Then, we visualize the spatial distribution of inferred cell types that shows the layer structure.

cols_cluster <- c(chooseColors(n=5), 'gray')

## Loading required package: colorspace

EachClusterSpaHeatMap(SRTProj, cols=cols_cluster, legend.position='right', pt_size =6 ,base_size=16)

## Loading required package: dplyr

## Warning: package 'dplyr' was built under R version 4.1.3

## 
## Attaching package: 'dplyr'

## The following objects are masked from 'package:S4Vectors':
## 
##     first, intersect, rename, setdiff, setequal, union

## The following objects are masked from 'package:BiocGenerics':
## 
##     combine, intersect, setdiff, union

## The following objects are masked from 'package:stats':
## 
##     filter, lag

## The following objects are masked from 'package:base':
## 
##     intersect, setdiff, setequal, union

## Loading required package: ggplot2

## Warning: package 'ggplot2' was built under R version 4.1.3

Calculate the 3-dimensional tSNEs based on the extracted features from SpatialAnno.

SRTProj <- AddTSNE(SRTProj, n_comp = 3, reduction = 'SpatialAnno')

We visualize the 3-dimensional tSNEs on the spatial coordinates using RGB colors.
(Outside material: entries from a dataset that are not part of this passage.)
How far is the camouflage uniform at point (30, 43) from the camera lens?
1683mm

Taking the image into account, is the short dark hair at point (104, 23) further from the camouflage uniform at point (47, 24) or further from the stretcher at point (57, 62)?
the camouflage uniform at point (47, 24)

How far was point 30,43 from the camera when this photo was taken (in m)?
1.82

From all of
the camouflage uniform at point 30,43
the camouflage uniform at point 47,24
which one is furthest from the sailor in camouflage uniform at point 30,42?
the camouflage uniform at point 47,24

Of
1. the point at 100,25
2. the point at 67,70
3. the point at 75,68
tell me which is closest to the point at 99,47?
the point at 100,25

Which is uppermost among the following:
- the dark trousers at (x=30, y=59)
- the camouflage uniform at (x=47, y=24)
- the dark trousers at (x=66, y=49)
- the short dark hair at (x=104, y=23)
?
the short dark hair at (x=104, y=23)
We can see there are apparent spatial pattern for the embeddings. Users can also plot the 3-dimensional UMAP RGB plot similarly.

EachRGBSpaHeatMap(SRTProj, plot_type ='tSNE', title_name = "tSNE RGB plot: ", pt_size=6)

Visualize the inferred cell types on the tSNE or UMAP.

SRTProj <- AddTSNE(SRTProj, n_comp = 2, reduction='SpatialAnno')
p_tsne2 <- EmbedPlot(SRTProj, item='cluster', plotEmbeddings = 'tSNE', cols=cols_cluster, 
                     pt_size=3, legend.position='right')
p_tsne2

SRTProj <- AddUMAP(SRTProj, n_comp = 2, reduction='SpatialAnno')
p_umap2 <- EmbedPlot(SRTProj, item='cluster', plotEmbeddings = 'UMAP', 
                     cols=cols_cluster, pt_size=3, legend.position='right')
p_umap2

DEG analysis

To do downstream analyses, we require to get the count data from h5file. The function getGeneSpotData() access the gene-by-spot count matrix and other data in SRTProj and then return a SpatialExperiment object.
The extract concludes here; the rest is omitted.